Provided data:
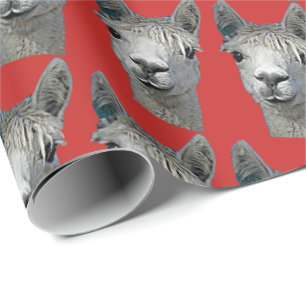 Papier Cadeau Alpaga sur le papier rouge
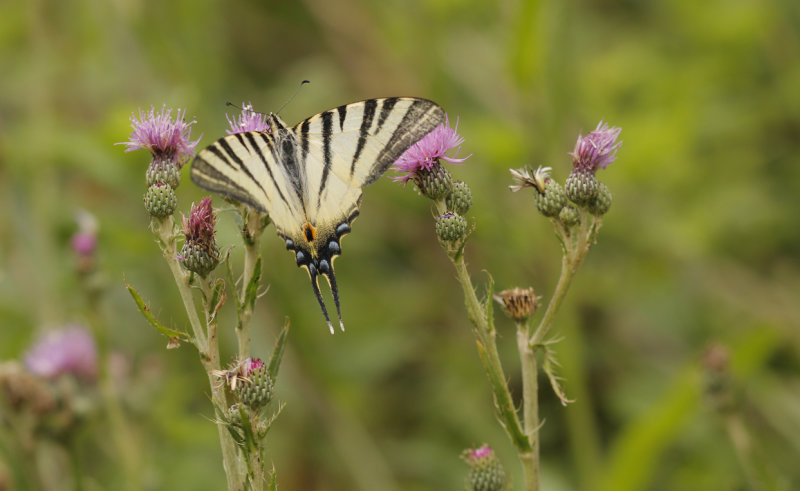 Koningspage - Iphiclides podalirius
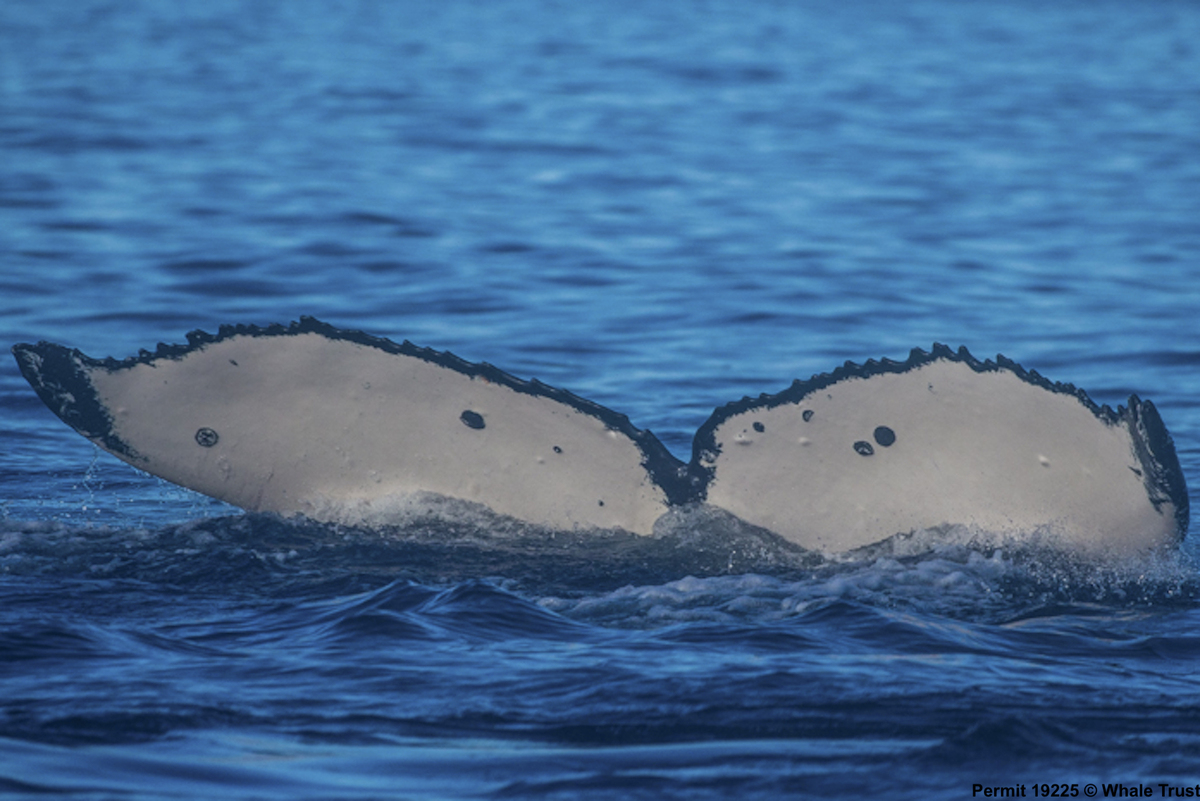 Fluke of HI19-0128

Exercise: Your task is to output the material word for word while leaving out every image.

Your response:
 Papier Cadeau Alpaga sur le papier rouge
 Koningspage - Iphiclides podalirius
 Fluke of HI19-0128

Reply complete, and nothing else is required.